L’offensive scolaire de l’Eglise catholique est vigoureuse et innovante. Elle s’appuie sur ses amitiés politiques et sur un mouvement de parents d’élèves très dynamique : les associations de parents d’élèves de l’enseignement libre (APEL) [5]. La riposte du SNI s’exerce dans ces deux domaines, au moyen d’outils nouveaux.

La création d’outils laïques pour la confrontation

Sur le plan politique, le SNI s’emploie à réunir toutes les forces susceptibles de défendre l’école laïque et à leur offrir une structure d’accueil pour coordonner leurs efforts. Dès la fin de l’année 1945, un rapport de Paul Delanoue annonce la création d’un Cartel d’action laïque, comprenant syndicats, associations et partis politiques [6]. Le comportement de l’adversaire légitime à leurs yeux l’incursion dans le champ politique. La part déterminante prise par le SNI dans la constitution du Cartel constitue une novation ; elle inscrit les instituteurs au cœur du mouvement laïque, à égalité avec la puissante Ligue de l’Enseignement.
La même remarque vaut pour la Fédération des Conseils de Parents d’Elèves. Dès juin 1945, Paul Delanoue propose la création d’une association des parents d’élèves de l’école laïque, afin d’élargir les soutiens de l’école publique [7]. Sa mise en place est confiée à la Ligue de l’Enseignement, mais le SNI conserve un rôle majeur, d’autant que l’association est réservée aux parents d’élèves de l’enseignement primaire. Michel Vernus explique qu’un « principe est recommandé – pas toujours appliqué : le secrétaire départemental doit être le responsable de la commission “action laïque” du SNI. » [8] Un débat divise les laïques à cette occasion : la nouvelle association doit-elle entrer dans l’Union Nationale des Associations Familiales pour combattre l’influence catholique dans le mouvement familial ? Le SNI s’y oppose et obtient gain de cause. Une autre discussion aboutit à l’abandon du terme de « vigilance », d’origine communiste, dans le nom de l’association [9]. Il est critiqué pour son aspect combatif qui risquerait d’écarter des parents modérés. C’est ainsi que naît la FCPE, promise à un grand avenir.
Cependant, ces innovations ne résolvent pas la question du contenu à donner au combat en faveur de l’enseignement public, d’autant qu’elle relève de la division nouvelle du syndicalisme enseignant entre sa majorité républicaine-laïque et une minorité « unitaire » renforcée par la Résistance.

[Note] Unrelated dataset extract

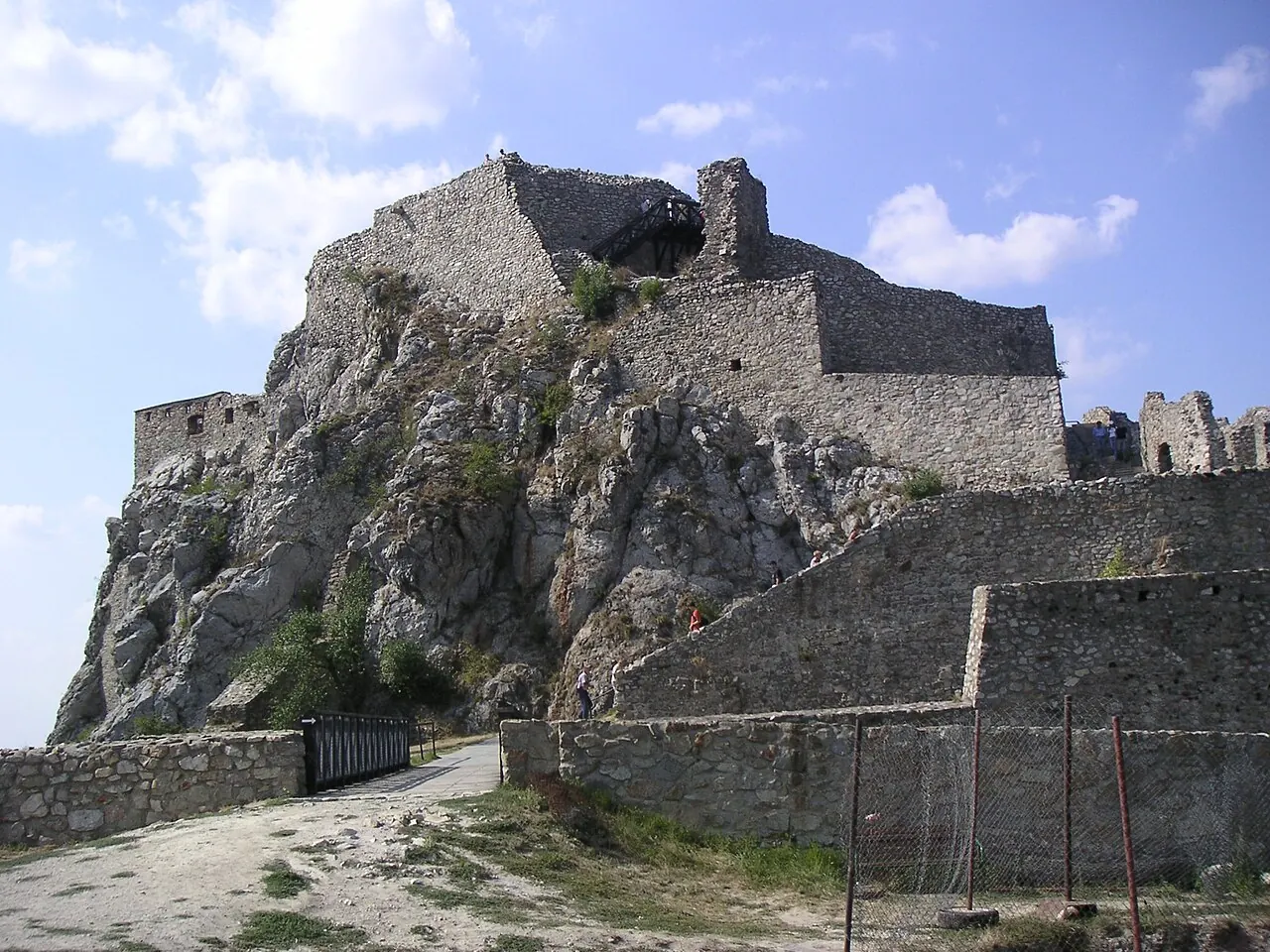 The ruined walls of Devin Castle on a high rock above the river landscape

L’accueil des propositions unitaires de redéfinition de la bataille laïque

Paul Delanoue profite de l’importance stratégique de sa fonction dans le SNI pour proposer d’atténuer l’aspect laïciste du discours syndical, au nom de la lutte des classes. Quelle réception obtient ce nouveau discours ?

Le nouveau discours porté par Paul Delanoue

Les communistes sont traditionnellement gênés par le clivage généré par la laïcité, qui risque à leurs yeux de détourner les travailleurs croyants du combat de classe. En 1932, les premiers enseignants communistes menaient campagne contre le cinquantenaire de l’école laïque, en assimilant celle-ci à l’école privée [10]. En même temps, existait une Association des travailleurs sans Dieu, liée au PCF, et dans laquelle militait son futur responsable des questions de l’enseignement, Georges Cogniot [11]. A partir du Front Populaire, la direction du PCF opère un double tournant en faveur d’une part d’une appropriation de l’héritage républicain, et d’autre part de la politique de la main tendue aux catholiques. Pour harmoniser le marxisme et l’héritage des Lumières, les communistes redéfinissent la laïcité sur certains points, en particulier en l’inscrivant dans une vision de classe de la société. Cette opération transforme la lutte laïque en combat secondaire, susceptible d’être sacrifié à d’autres impératifs. Justement, la participation des communistes à un gouvernement tripartite en compagnie du MRP et surtout le développement de contacts avec des chrétiens « progressistes » impose en 1945 de relativiser l’importance de la question laïque.
S’il est délicat d’évaluer l’influence de ces considérations politiques sur les orientations promues par le courant unitaire, il n’en reste pas moins que celui-ci s’oppose au laïcisme en vogue chez les instituteurs. Paul Delanoue évoque ses « camarades catholiques de la Résistance » [12]. Il critique même la « mystique laïque » du SNI, qui aboutit à une « forme de pensée figée » : « Toute mystique a non seulement ses dogmes, mais encore ses exclusives, ses méfiances et ses chapelles. » [13] La laïcité perd donc chez lui le caractère englobant qu’elle revêt dans la conception des réformistes du SNI. Paul Delanoue refuse de « ressusciter certaines querelles qui nous détourneraient de la lutte contre l’ennemi principal : les trusts » [14]. Il rejette toute tentation de réveiller les luttes religieuses et présente la laïcité comme une formule de compromis :
« Dans un pays comme le nôtre, où différentes religions et l’athéisme existaient côte à côte, et où bien souvent la religion était beaucoup plus une tradition qu’une foi ou une croyance, la laïcité était et est la seule solution possible. L’école laïque a donc un caractère d’universalité incontestable : c’est l’école de tous, c’est celle qui permet de faire l’union. » [15]
Cette citation offre un bel exemple de glissement sémantique entre la laïcité d’Etat et la laïcité scolaire, et prouve que les acteurs de ce combat n’effectuent pas encore cette distinction. Ils appréhendent toujours la laïcité par le prisme scolaire.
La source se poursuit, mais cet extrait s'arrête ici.